*** MATERIAL PROVIDED

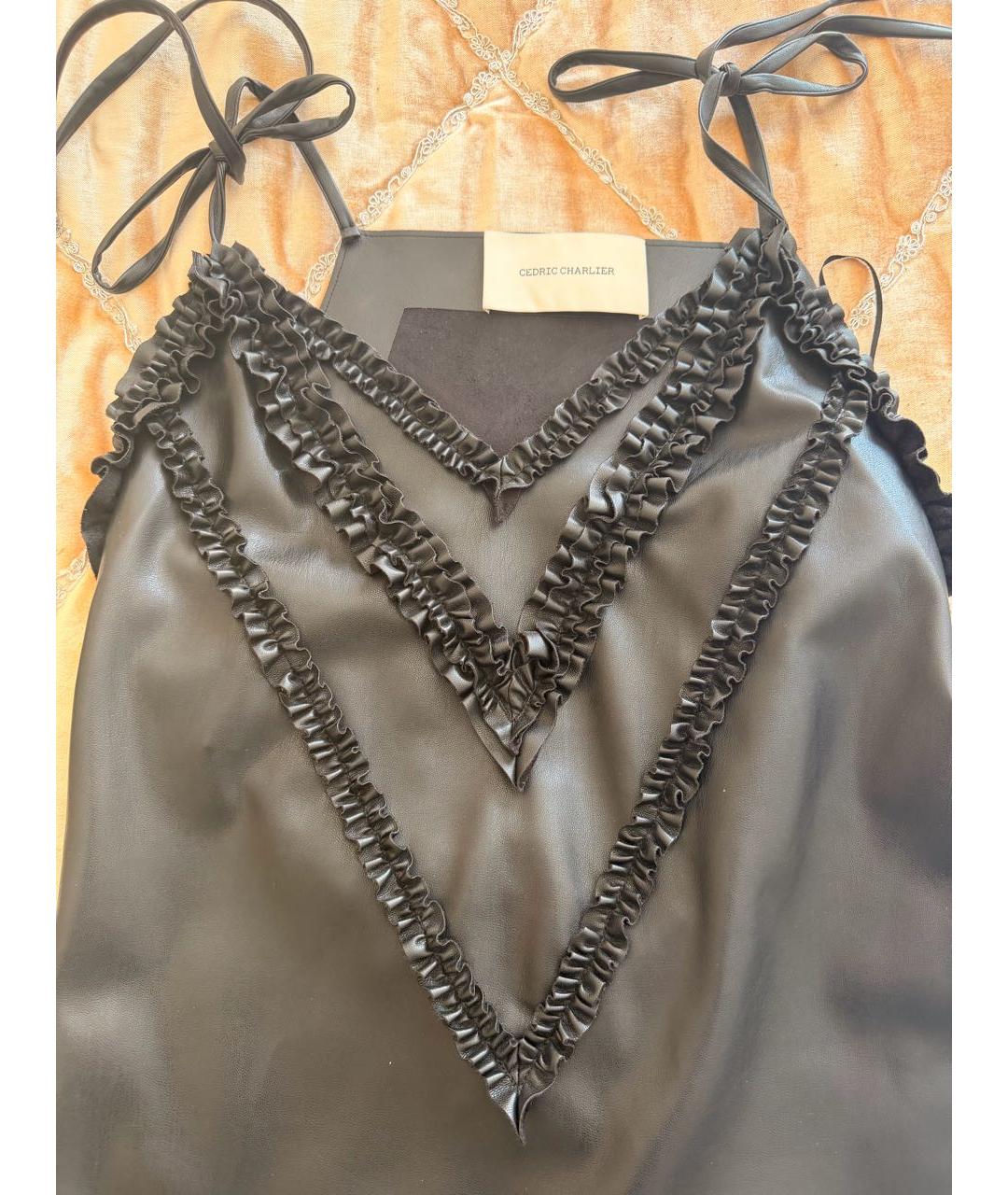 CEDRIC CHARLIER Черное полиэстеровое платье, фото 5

******
*** MATERIAL PROVIDED

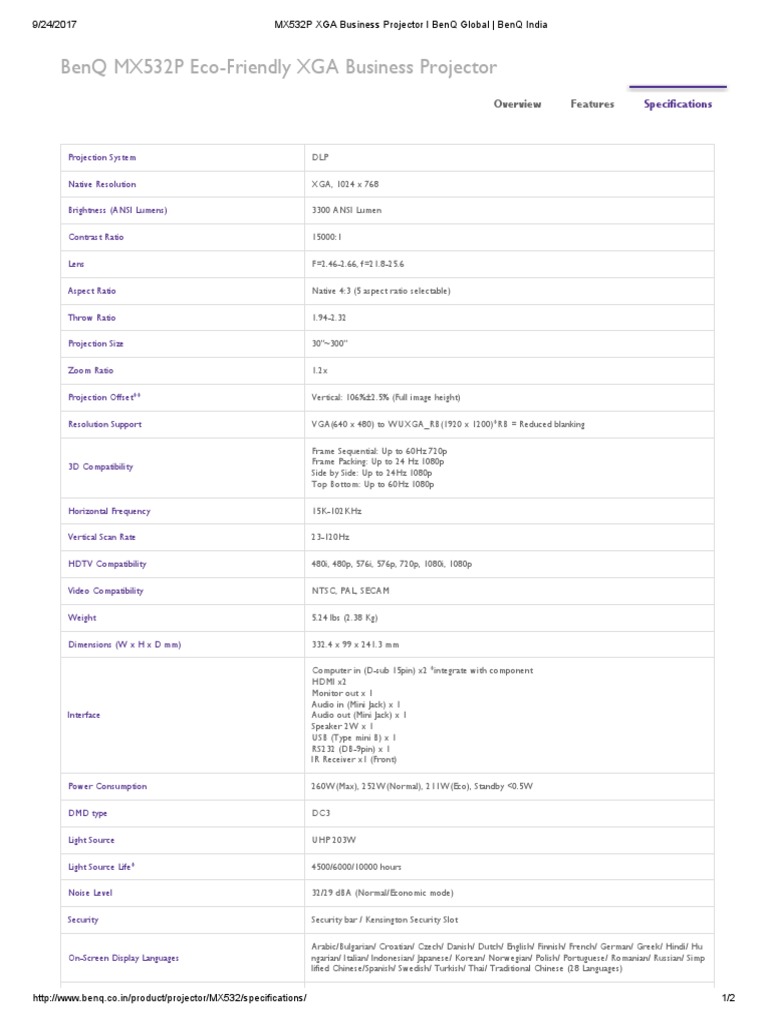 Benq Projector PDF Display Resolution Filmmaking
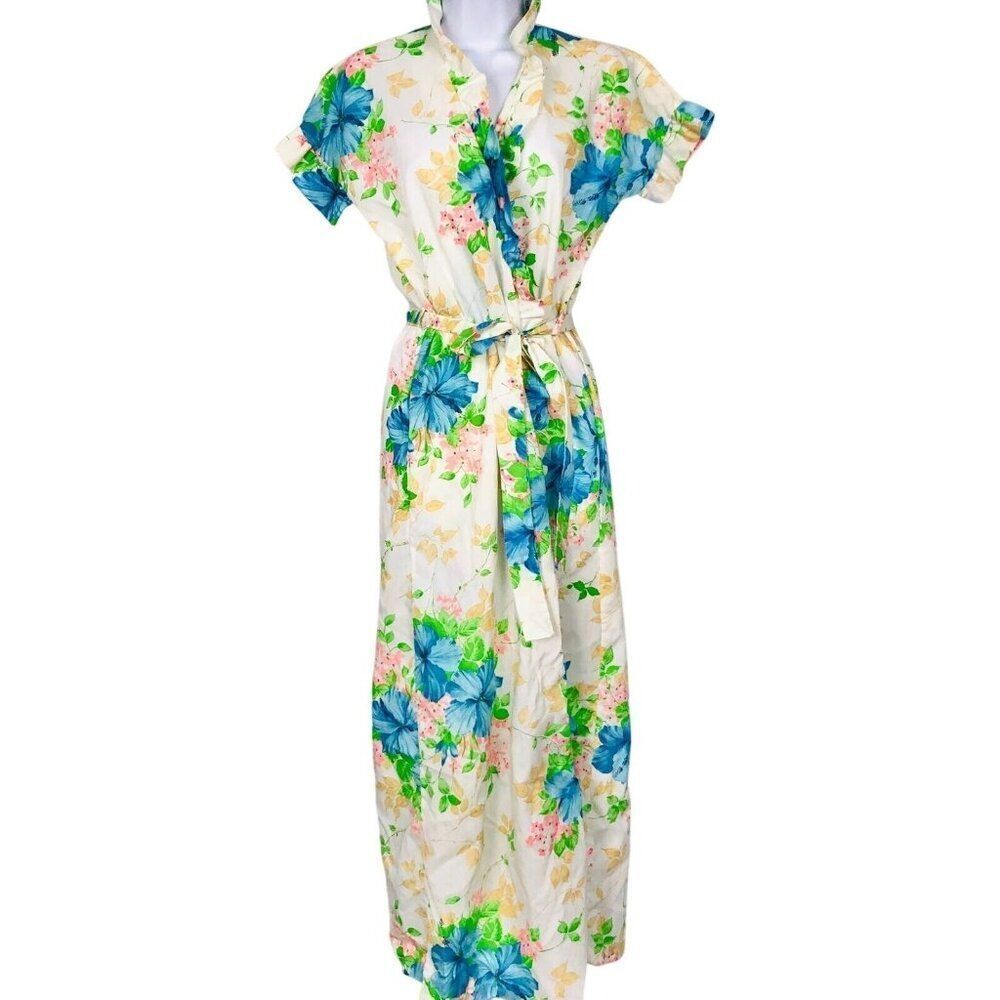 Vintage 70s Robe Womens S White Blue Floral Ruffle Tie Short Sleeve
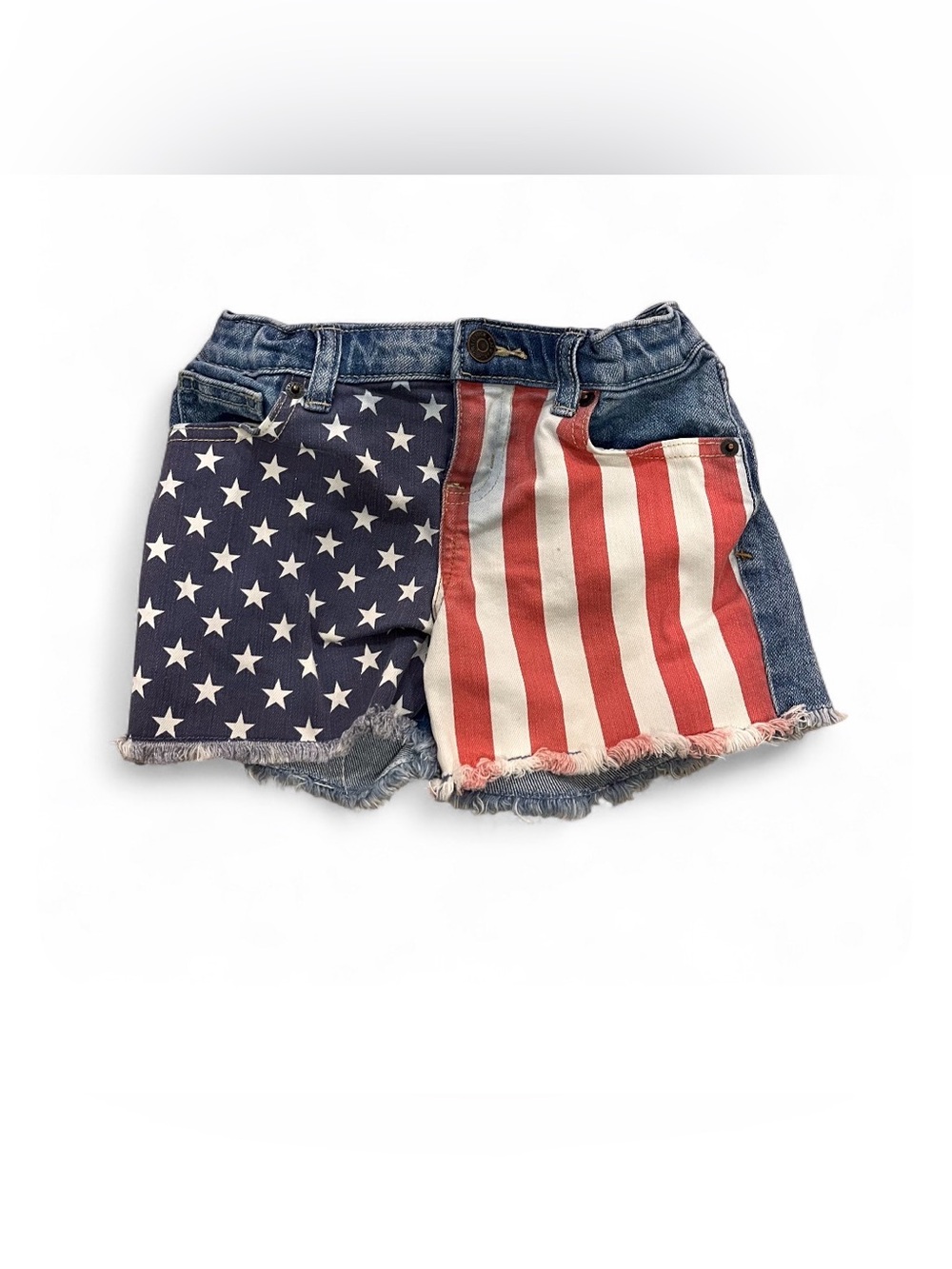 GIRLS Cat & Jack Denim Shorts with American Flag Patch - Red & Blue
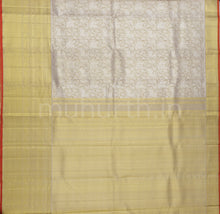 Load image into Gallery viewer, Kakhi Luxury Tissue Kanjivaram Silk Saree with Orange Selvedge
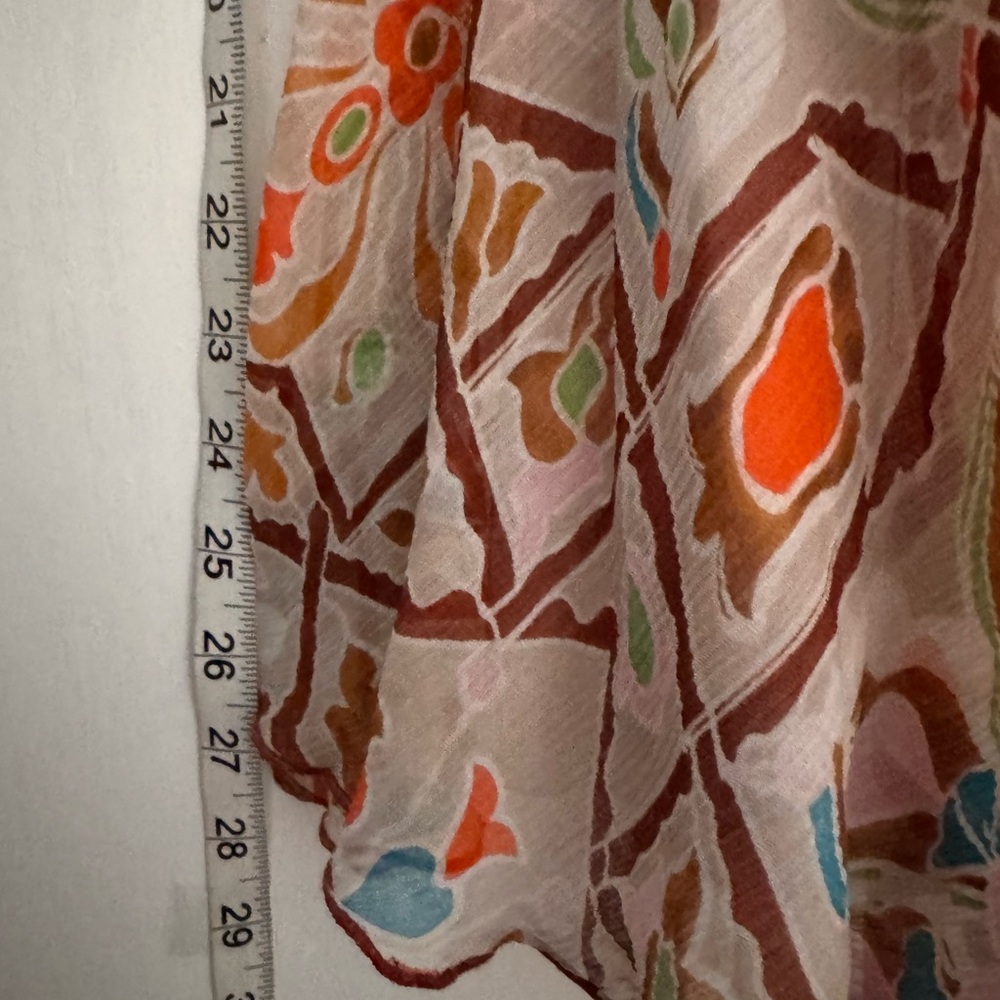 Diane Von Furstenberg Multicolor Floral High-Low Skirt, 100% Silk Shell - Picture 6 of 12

******
*** MATERIAL PROVIDED

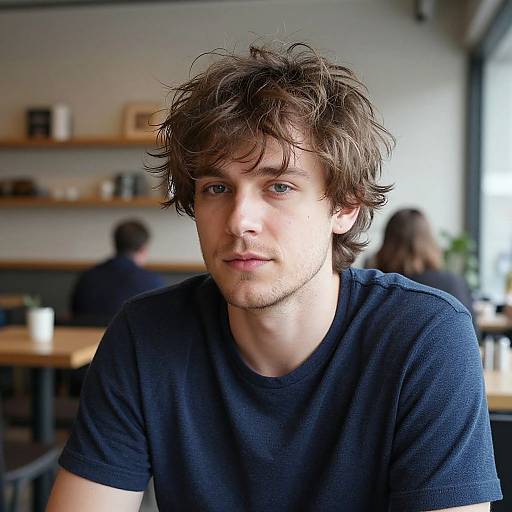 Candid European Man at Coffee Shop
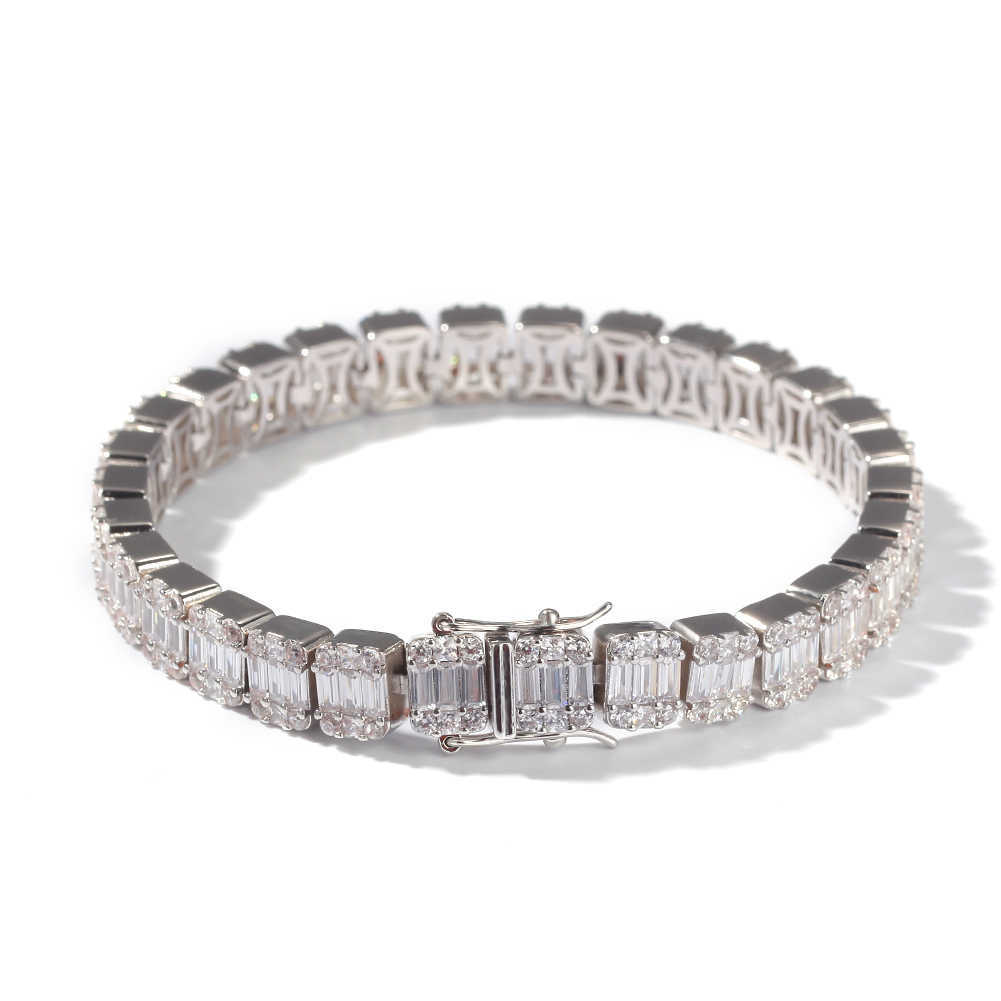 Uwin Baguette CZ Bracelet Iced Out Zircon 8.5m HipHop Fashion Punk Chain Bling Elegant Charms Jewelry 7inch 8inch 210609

******

WORK TO COMPLETE
Start with the line above containing "Candid European Man at Coffee Shop" and end with the line containing "Uwin Baguette CZ". Set down that stretch exactly, without any pictures.

EXPECTED ANSWER
 Candid European Man at Coffee Shop
 Uwin Baguette CZ Bracelet Iced Out Zircon 8.5m HipHop Fashion Punk Chain Bling Elegant Charms Jewelry 7inch 8inch 210609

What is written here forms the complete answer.